Participating in the 2016 summit were Representative David Brat of Virginia and Republican Representative-elect Scott Taylor of Virginia--Republicans, who were recently defeated by Democrats--Israeli Justice Minister Ayelet Shaked; Becky Norton Dunlop of the Heritage Foundation and Trump's presidential transitional team; UKIP MEPs Bill Etheridge, Paul Nuttall, Roger Helmer, and Ray Finch; and Sanford Saunders, co-managing shareholder of Greenberg Traurig, the one-time Washington, DC, law firm of disgraced and convicted Republican super-lobbyist Jack Abramoff.

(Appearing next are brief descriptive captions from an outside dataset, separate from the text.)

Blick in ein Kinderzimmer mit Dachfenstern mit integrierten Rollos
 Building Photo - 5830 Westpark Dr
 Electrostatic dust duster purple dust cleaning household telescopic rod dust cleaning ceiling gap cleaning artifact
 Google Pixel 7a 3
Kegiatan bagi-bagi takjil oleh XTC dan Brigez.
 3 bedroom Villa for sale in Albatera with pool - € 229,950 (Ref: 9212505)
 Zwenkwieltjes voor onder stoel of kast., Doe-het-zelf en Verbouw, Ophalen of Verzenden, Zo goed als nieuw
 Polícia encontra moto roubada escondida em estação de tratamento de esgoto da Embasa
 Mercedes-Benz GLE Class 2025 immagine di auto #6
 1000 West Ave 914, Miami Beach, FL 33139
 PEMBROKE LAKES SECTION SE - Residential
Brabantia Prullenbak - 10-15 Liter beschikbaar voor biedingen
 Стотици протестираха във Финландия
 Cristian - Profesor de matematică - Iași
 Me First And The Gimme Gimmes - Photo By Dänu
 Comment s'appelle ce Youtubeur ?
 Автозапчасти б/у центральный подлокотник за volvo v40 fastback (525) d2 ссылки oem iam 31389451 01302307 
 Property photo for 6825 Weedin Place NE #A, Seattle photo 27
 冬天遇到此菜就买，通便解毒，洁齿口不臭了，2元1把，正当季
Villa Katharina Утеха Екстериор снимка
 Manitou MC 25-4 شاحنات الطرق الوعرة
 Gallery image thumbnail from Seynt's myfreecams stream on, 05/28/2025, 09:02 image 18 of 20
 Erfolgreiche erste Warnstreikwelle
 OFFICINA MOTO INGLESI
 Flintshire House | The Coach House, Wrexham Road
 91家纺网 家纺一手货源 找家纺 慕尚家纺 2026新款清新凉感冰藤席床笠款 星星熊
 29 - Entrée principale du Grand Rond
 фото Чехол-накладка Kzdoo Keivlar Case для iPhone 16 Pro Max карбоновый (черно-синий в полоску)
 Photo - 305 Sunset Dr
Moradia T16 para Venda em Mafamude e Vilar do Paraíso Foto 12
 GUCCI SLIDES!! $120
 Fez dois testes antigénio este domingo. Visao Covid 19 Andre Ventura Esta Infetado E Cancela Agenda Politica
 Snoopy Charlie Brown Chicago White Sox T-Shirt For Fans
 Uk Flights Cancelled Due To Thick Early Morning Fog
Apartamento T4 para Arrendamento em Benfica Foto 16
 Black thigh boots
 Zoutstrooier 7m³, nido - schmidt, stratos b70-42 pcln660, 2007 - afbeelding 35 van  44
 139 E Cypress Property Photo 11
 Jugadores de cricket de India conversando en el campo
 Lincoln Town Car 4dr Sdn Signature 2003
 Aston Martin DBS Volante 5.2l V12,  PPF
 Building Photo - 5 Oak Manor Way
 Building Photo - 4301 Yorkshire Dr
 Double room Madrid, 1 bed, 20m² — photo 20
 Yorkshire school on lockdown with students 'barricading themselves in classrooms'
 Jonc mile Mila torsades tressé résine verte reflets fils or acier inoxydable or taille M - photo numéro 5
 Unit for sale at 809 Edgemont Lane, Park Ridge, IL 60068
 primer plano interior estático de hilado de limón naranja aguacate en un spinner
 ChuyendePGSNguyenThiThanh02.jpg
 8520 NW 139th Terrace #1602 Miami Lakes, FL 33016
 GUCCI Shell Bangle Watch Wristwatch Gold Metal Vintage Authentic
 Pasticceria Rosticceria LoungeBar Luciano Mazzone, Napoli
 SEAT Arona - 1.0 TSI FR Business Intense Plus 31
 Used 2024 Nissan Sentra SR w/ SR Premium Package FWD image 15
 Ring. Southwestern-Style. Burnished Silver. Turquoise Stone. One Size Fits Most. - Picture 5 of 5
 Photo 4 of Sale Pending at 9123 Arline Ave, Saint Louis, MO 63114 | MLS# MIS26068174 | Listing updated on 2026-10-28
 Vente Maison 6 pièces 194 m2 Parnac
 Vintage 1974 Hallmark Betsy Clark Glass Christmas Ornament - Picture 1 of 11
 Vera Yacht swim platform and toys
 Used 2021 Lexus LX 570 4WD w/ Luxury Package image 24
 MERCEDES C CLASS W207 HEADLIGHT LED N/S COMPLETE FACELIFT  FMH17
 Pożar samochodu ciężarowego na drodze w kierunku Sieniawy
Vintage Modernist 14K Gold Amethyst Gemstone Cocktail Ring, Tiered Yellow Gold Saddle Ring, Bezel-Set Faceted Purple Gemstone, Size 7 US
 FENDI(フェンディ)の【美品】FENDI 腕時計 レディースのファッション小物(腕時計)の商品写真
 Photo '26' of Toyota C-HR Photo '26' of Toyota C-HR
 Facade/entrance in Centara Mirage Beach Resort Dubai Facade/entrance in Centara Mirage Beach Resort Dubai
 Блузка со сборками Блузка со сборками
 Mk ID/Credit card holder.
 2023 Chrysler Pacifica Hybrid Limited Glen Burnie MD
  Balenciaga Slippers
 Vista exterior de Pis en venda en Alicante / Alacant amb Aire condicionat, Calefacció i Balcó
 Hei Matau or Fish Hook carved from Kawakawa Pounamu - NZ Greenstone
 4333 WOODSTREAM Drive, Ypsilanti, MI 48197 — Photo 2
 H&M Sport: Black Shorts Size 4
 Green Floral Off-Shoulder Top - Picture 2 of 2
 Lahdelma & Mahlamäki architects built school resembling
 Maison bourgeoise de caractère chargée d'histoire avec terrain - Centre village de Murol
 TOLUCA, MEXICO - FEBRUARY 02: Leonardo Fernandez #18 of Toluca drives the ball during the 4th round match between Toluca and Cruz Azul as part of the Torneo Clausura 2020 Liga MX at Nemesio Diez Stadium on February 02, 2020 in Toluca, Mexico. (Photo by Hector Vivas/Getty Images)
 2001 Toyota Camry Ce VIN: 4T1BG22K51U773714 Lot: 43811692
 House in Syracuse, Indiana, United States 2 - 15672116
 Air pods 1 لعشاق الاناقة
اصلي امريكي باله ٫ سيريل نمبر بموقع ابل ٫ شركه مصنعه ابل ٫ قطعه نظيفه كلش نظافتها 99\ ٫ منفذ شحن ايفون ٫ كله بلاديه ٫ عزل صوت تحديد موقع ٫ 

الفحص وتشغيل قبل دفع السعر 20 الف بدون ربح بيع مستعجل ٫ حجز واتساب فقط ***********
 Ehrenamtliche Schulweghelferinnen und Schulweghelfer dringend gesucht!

It seems unlikely that Bannon's operations in Europe and his high-cost travel--involving private planes, chauffeured vehicles, and expensive luxury hotels--to Paris, London, Rome, Venice, Lyon, Prague, Edinburgh, and other cities are being underwritten by partial royalties from Seinfeld re-runs. The Mercers claim they cut Bannon off after his stint as Trump's chief strategist in the White House. There are reports that Trump, who calls Bannon "Sloppy Steve"--a reference to Bannon's often unshaven and unkempt appearance--still communicate via the phone. It is also widely believed that Bannon continues to have an interest in the follow-on companies to Cambridge Analytica, which include Emerdata and Auspex International. Although there are multiple denials by the principals, Bannon and his election manipulation associates, who have monetized psychographic data mined from social media platforms like Facebook, Twitter, and Google, are believed to have played a part in the electoral wins of Bolsonaro in Brazil and Prime Minister Imran Khan in Pakistan.

Many Americans and Europeans seem to believe that Bannon is a mere caricature of an obese modern-day Hermann Goering. He is much more dangerous. The "Movement" he represents has financial links going back to the U.S.-run "rat lines" that spirited Nazis out of Europe, including places like Germany, Estonia, Latvia, Ukraine, and Yugoslavia, and ultimately to South America, Canada, and the United States. Many settled in Bannon's native southern California, where they became active in the right-wing "Captive Nations" movement that allied with far-right groups like the John Birch Society and Young Americans for Freedom. While there may not be lost "Nazi gold" financing Bannon's operations, there are generational links to the old Nazis who are assisting Trump's former "brain." One of these is Sebastian Gorka, the Hungarian-British-American who worked with Bannon at the White House before both were fired. Gorka holds the Hungarian Order of Vite'z, a medal awarded by the pro-Nazi regime in Hungary to Hungarians who fought with the Nazis against the Allies in World War II. Gorka's father, Paul Gorka, also holds the order.

What is needed in Europe and other countries being wooed by Bannon and his so-called "populists," a feel-good cover name for Nazis and fascists, is a popular front reminiscent of that cobbled together in the 1930s and 40s by Europe's socialists, social democrats, communists, and radical liberals to fight against the Nazis and fascists. The Popular Fronts of Europe not only had to battle against the far-right, but the Trotskyists, who wanted to totally dominate leftist united fronts and exclude bourgeois parties like the liberals. Often, the Popular Fronts were rendered ineffective by internal division, particularly in Germany, Spain, and France.

Today, the left in the United States has its own Trojan horses in "boutique" parties like the Greens and Libertarians, that cooperate with right-wing Republicans to deny electoral victories to the Democrats. Europe must learn how to be smarter than Bannon and his cohorts in combating the resurgence of Nazism and fascism.